April 23rd, 2013

Sprint 45 service issues

Brian Harry
Corporate Vice President

If you are a regular user of our Team Foundation Service – particularly during peak times, you’ve probably noticed that it hasn’t been running as seamlessly as usual.  Our recent issues started with our sprint 45 deployment that I wrote about here and foreshadowed here.  In this post I want to give you some insights to what happened and what we’ve done about it.  The team has been working long and hard since the deployment and I really appreciate the dedication and tenacity.

As our service has evolved, we’ve begun to expand the breadth of the services we are trying to offer.  We are also working towards having support in data centers around the world so you can choose where your data is hosted.  As part of this drive we’ve been gradually working to “decouple” components of Team Foundation Service to enable more independent evolotion and deployment.  Sprint 45 was the culmination of one of the biggest peices of work we’ve done to date in that effort.  Though you can’t really see the effect (ok, other than some of the bugs we introduced), we refactored the core Team Foundation Service into two services – what we call SPS or Shared Platform Services and Team Foundation Service (the functionality you know and love).

SPS contains many things but the simplest way to think about it is the data that is outside a given tenant account – Subscriptions, location, configuration, identity, profile, etc.  After many sprints of work, we finally deployed the new SPS service at the end of sprint 45 – in fact on March 22nd and 23rd.  It involved a pretty massive data refactoring and the first upgrade with planned downtime in a long time (and I believe the last in a long time).

When you think about the change technologically, the biggest difference was that, for the first time, we introduced a service to service split with fairly heavy traffic.  Before this, all of the calls between the “logical” services were either between DLLs in the same app domain or to the database.  This split caused those calls to become service to service REST calls, crossing not only processes but even machines in the data center.

We did a ton of testing ahead of this deployment, however, it’s clear we didn’t catch everything we should have and the result has been a lower quality of service than we (and you) expect.  The issues have mostly manifested themselves as slowdowns during peak hours (though in the first couple of days it was a little worse than that).  The build service has been the most (and longest) affected service – mostly because it’s very intensive: it does a full sync of all of your source to build it and that can put a lot of load on the system when lots of people are running builds at the same time.

I’m going to walk through a list of the issues that we hit.  I’m going to try to group them a bit make it easier to digest.

REST stack

After we went live and started to see production load, we saw a great deal of time spent in our REST stack.  I still don’t fully understand why we didn’t catch these issues in our pre-production load testing and the team is doing deep retrospectives over the next couple of weeks and this will be one of the key questions to answer.

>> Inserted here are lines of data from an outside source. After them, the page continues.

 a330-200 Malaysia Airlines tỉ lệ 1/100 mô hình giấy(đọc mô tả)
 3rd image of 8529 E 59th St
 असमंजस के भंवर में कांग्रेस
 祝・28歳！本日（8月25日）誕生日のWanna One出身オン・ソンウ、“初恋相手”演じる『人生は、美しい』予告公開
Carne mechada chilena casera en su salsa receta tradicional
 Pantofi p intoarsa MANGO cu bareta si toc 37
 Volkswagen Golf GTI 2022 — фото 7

ClientCertificationOption.Automatic – We have an object model for talking to TFS.  With the new service to service architecture, we are now using portions of that object model on the service.  A couple of years ago, we added multi-factor auth to our object model to support scenarios where stronger authentication is required.  We discovered that this option was still turned on in our server context – where it was not needed and the result was scanning of the certificate store on every service to service request.  We disabled the certificate lookup in this scenario and improved performance.

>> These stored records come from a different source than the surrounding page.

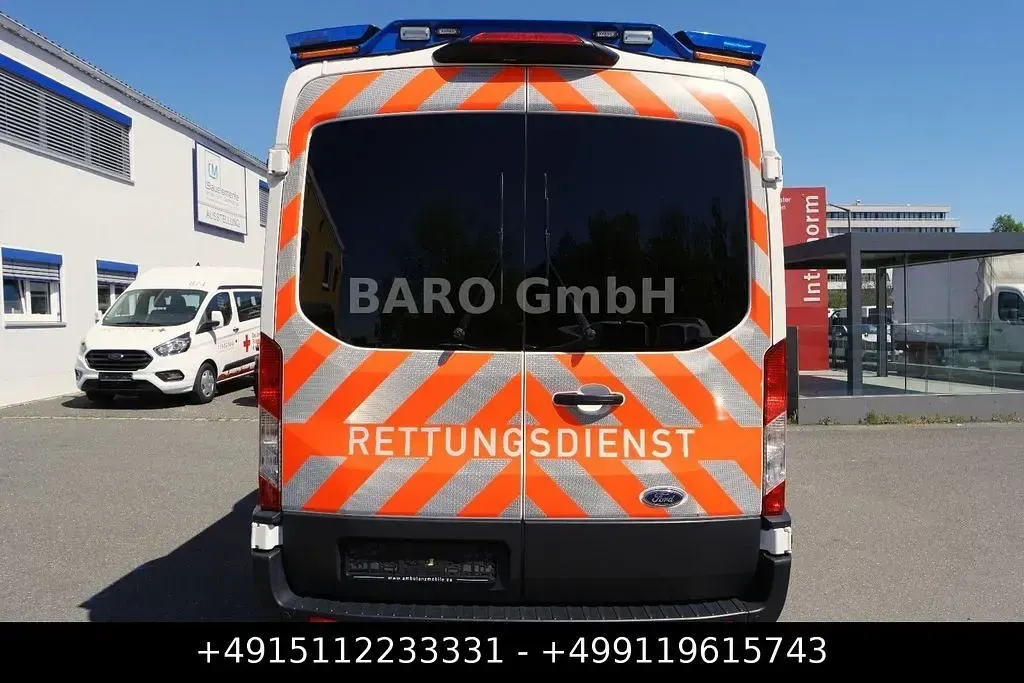 Usata Ford Transit 131 CV (96 kW) 2022 Bianco Monovolume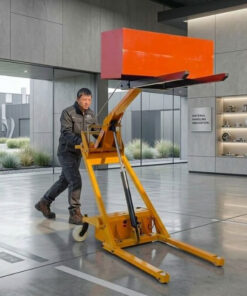 Xe nâng càng cua 500kg với hệ thống càng nâng chịu tải tốt, không bị biến dạng khi nâng tải trọng lớn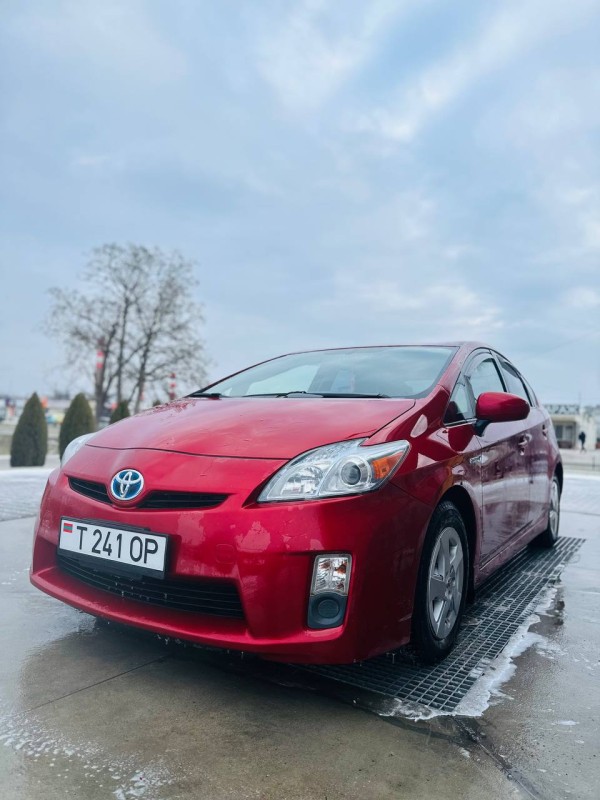 TOYOTA PRIUS 30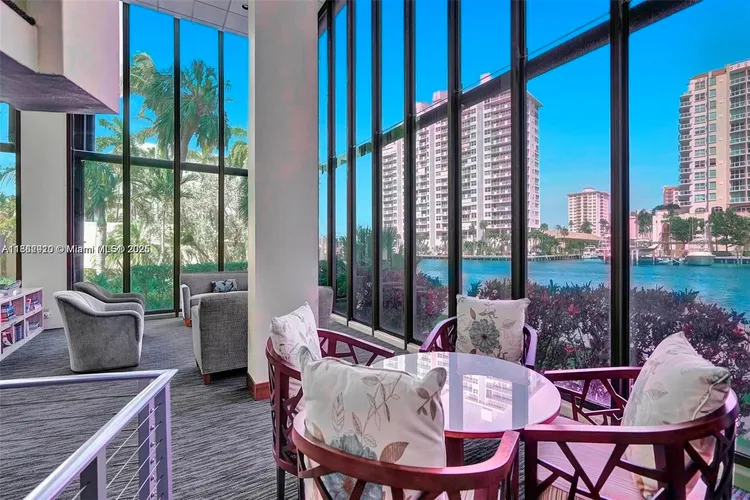 The Corinthian #20E image #40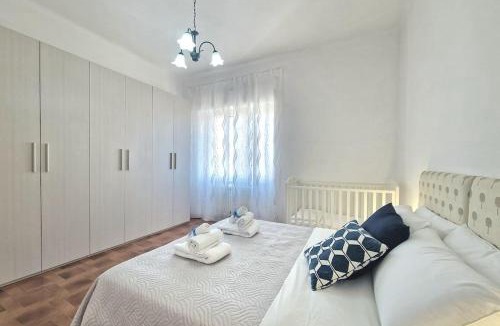 Porto Sant'Elpidio Apartment | [Pochi Passi dal Mare]Ampia Casa & Cortile privato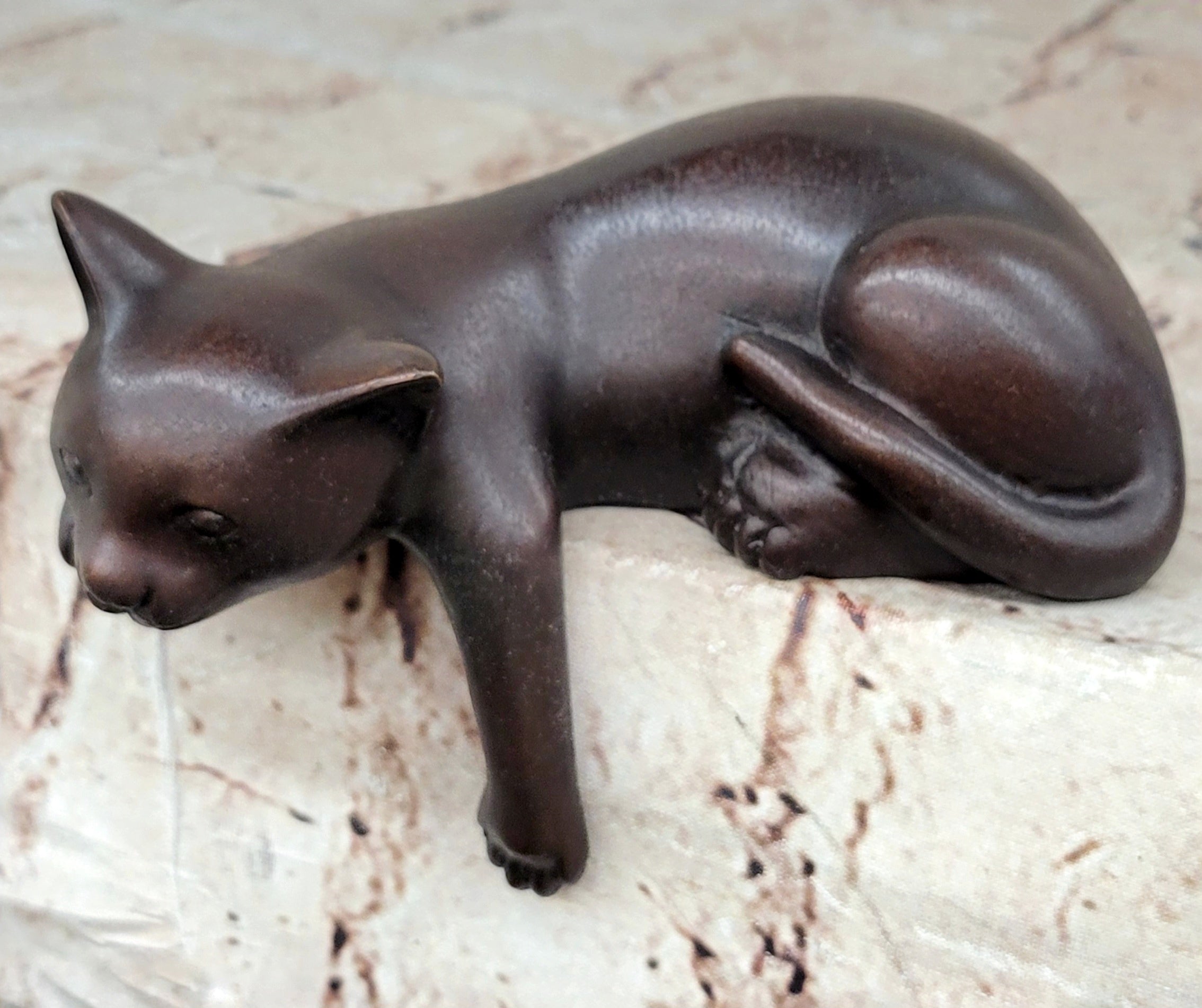 Lazy Cat Bronze – Minimalist Sleeping Kitty Signed Nardini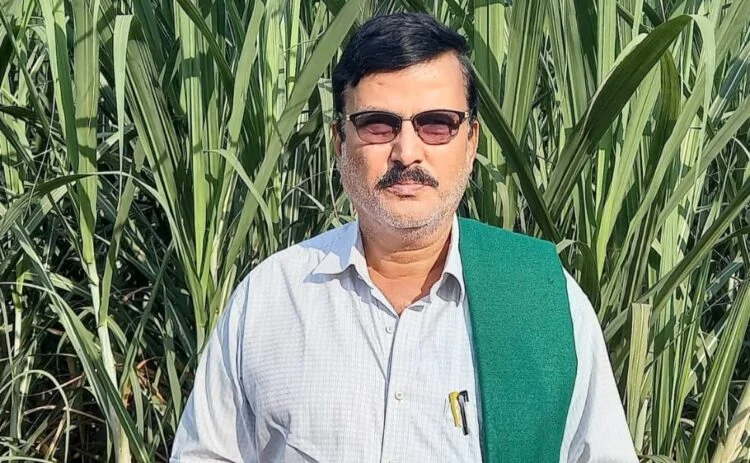 ಬರದಿಂದ ತತ್ತರಿಸಿದ ರೈತರಿಗೆ ಪರಿಹಾರ ಬಿಡುಗಡೆ ಮಾಡಿ; ಸರ್ಕಾರದಲ್ಲಿ ಹಣ ಇಲ್ಲವಾದರೆ ಶಾಸಕರು, ಮಂತ್ರಿಗಳು ವೇತನ ಬಿಟ್ಟುಕೊಡಿ ಎಂದ ಕುರುಬೂರು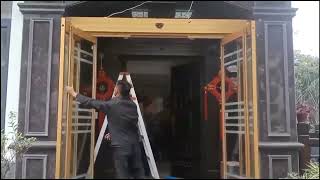 Emergency push to open, automatic sliding door mechanism. LEADER Automatic Door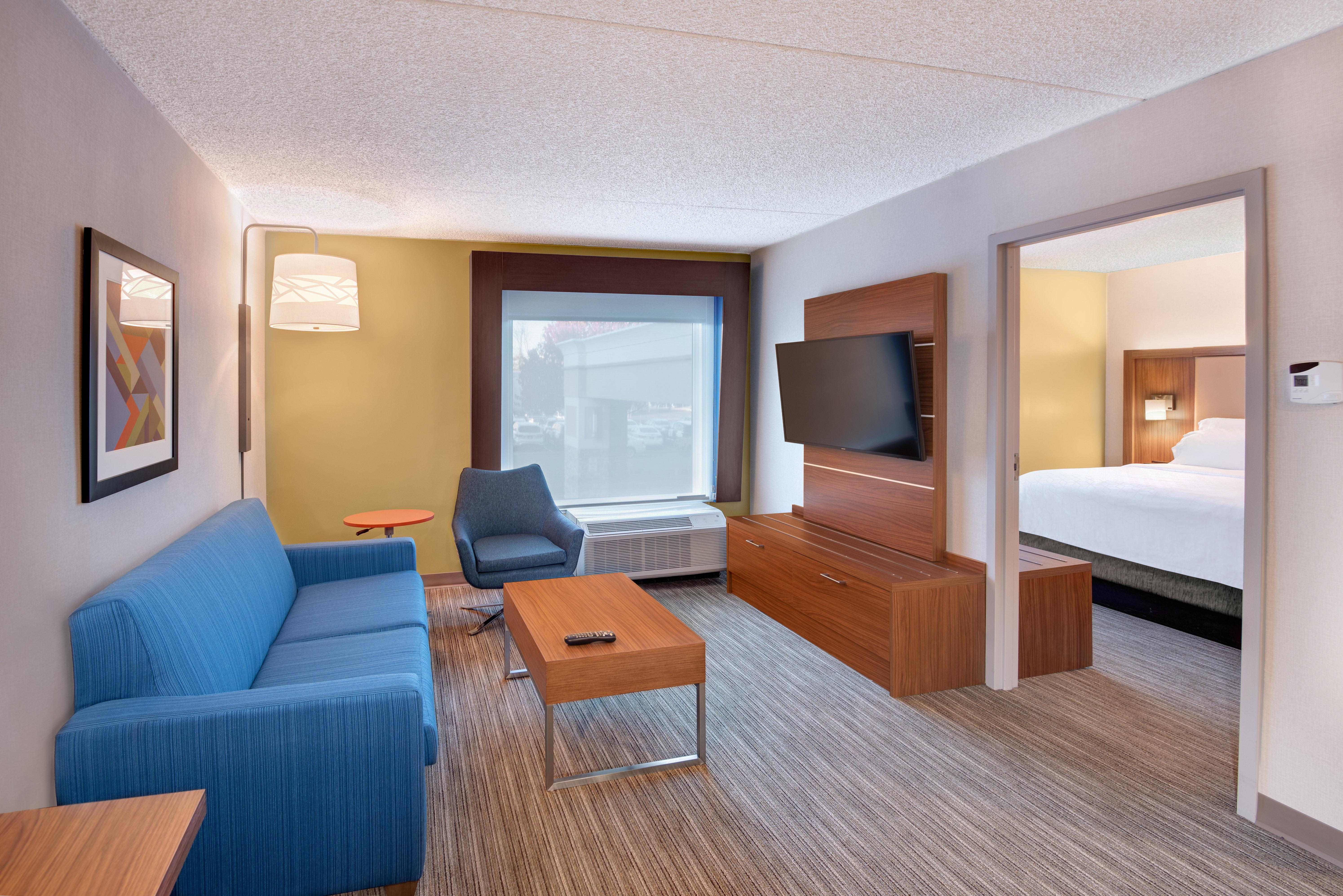 Holiday Inn Express & Suites West Long Branch - Eatontown By Ihg מראה חיצוני תמונה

Thread pool threads – The new service to service architecture introduced a lot more outgoing web calls.  The way the web stack works, under the covers, all of these calls are async and use the thread pool.  We found that we were often running out of threadpool threads and waiting for the CLR to inject more into the pool.  By default the CLR starts with 1 thread per core and then uses a “hill climbing” algorithm to adjust threads as needed.  This algorithm tries to dampen changes in the threadpool size so it is not thrashing.  However, we found that it could not handle our rapidly changing demands well.  The result was long pauses of up to 20 seconds while requests queued up waiting for the thread pool to resize.  Working with the CLR team, we decided to increase the minimum number of thread pool threads to 6 per core using (ThreadPool.SetMinThreads).

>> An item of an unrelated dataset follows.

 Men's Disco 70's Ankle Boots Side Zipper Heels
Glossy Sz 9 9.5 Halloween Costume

Wasteful CPU use – Many years ago, someone wrote some code to scan every request/response data stream for invalid characters.  This was consuming a fair amount of CPU (I forget how much but more than 10%).  No one, including the dev who did it, could remember why this code was put in there or think of any reason it was needed.  We removed it.

Extra thread switching – We had a coding mistake that caused extra thread switches on every REST call.  This is best explained in code.  At the beginning of every REST call there’s some lazy initialization logic:

if (a == null) 
{
lock (sync)
{
if (a == null)
{
a = fetch some data;
}
}
}

The issue is that “fetch some data” was a cross service call and the developer wanted to make it async.  So they tried making the method async and doing and await fetch some data and discovered that you can’t do an await from within a lock.  Let’s forget that this would completely have broken the synchronization.  So they decided to do a Task.Run on the whole block of code.  The problem is that a == null only the first time the code path is used, after which a is cached.  The end result is that we did a thread switch just to run an if statement everytime there was a service to service call.

Too many cross service calls – As we started to investigate the cause of the slowdown, we quickly realized that we had way more “chattiness” between the services than we realized.  This chattiness was exacerbated by the various performance issues above.  Before the split most of these interactions were direct in-proc calls or database calls that were much lighter weight than the cross service calls.  We were able to rework the code to reduce the number of calls across service boundaries substantially.

We fixed all of these REST stack problems within the first few days and it really helped restore the service nearly constant poor performance to intermittant poor performance and build service issues.

Other misc bugs

In addition to the set of bugs/issues we had with the transition to separate service, we had another set of bugs that were uncovered/exaggerated as part of the transition.  Among them were:

Work item tracking identity sync – We have a process by which we sync identities from the identity system (now in the SPS service) into work item tracking (in the TFS service) for the purposes of enabling work item tracking rule enforcement based on groups and identities.  This change uncovered/exacerbated two identity syncing bugs.  One caused older accounts (the first 40K accounts) to start doing full identity syncs (consuming significant resources) frequently.  The other was some thrashing in the identity service causing lots of activity but no progress in syncing.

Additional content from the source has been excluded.